-- Opening Marker --
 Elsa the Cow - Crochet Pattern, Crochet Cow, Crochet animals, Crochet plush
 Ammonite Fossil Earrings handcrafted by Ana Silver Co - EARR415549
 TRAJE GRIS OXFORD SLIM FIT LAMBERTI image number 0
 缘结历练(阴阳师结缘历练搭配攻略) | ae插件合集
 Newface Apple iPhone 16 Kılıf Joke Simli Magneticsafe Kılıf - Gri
-- Closing Marker --
-- Opening Marker --
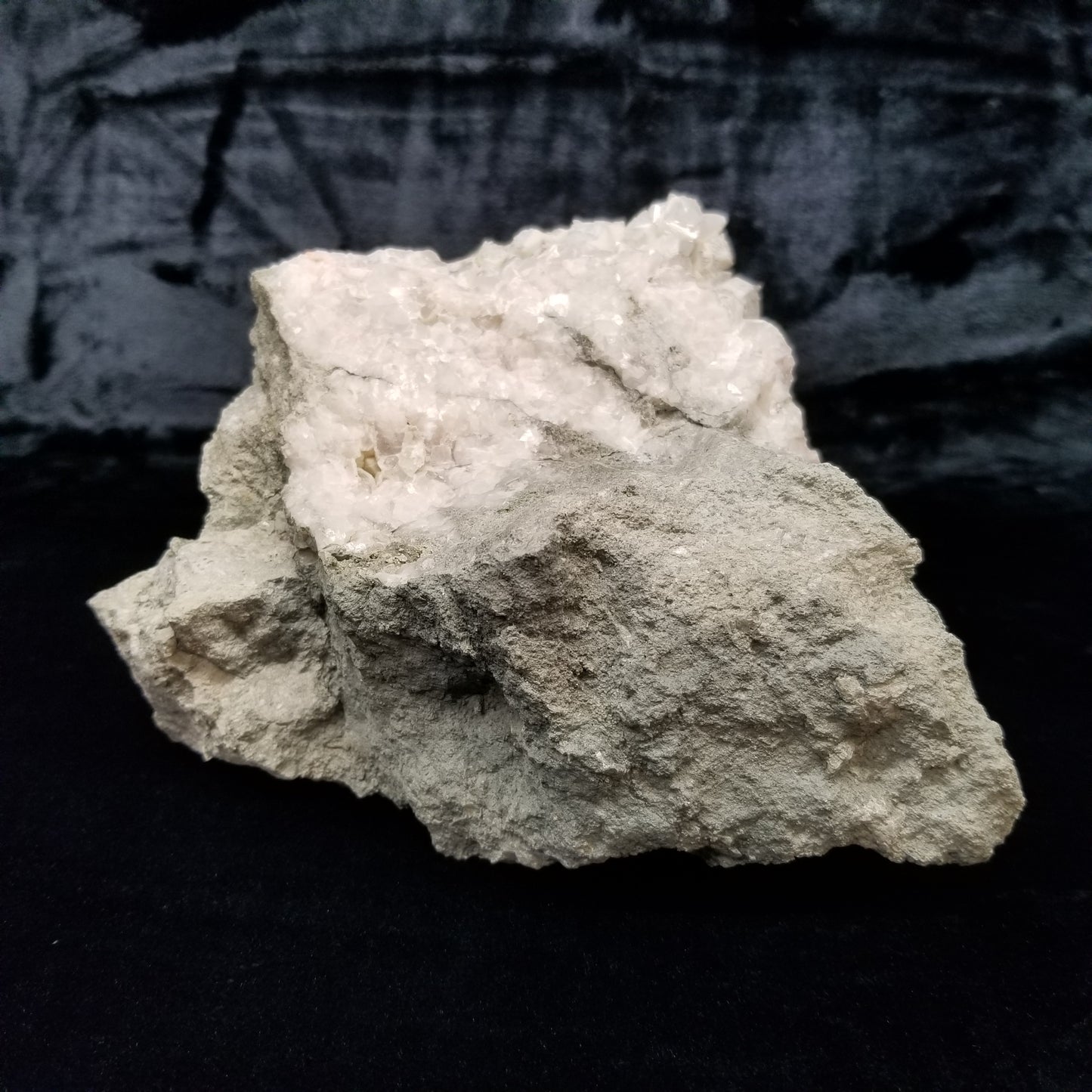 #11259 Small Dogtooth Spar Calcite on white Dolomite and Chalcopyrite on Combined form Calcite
-- Closing Marker --
Problem to work on
Output the lines above exactly, but only those between the line holding "Elsa the Cow" and the line holding "Newface Apple iPhone", inclusive.

Answer
 Elsa the Cow - Crochet Pattern, Crochet Cow, Crochet animals, Crochet plush
 Ammonite Fossil Earrings handcrafted by Ana Silver Co - EARR415549
 TRAJE GRIS OXFORD SLIM FIT LAMBERTI image number 0
 缘结历练(阴阳师结缘历练搭配攻略) | ae插件合集
 Newface Apple iPhone 16 Kılıf Joke Simli Magneticsafe Kılıf - Gri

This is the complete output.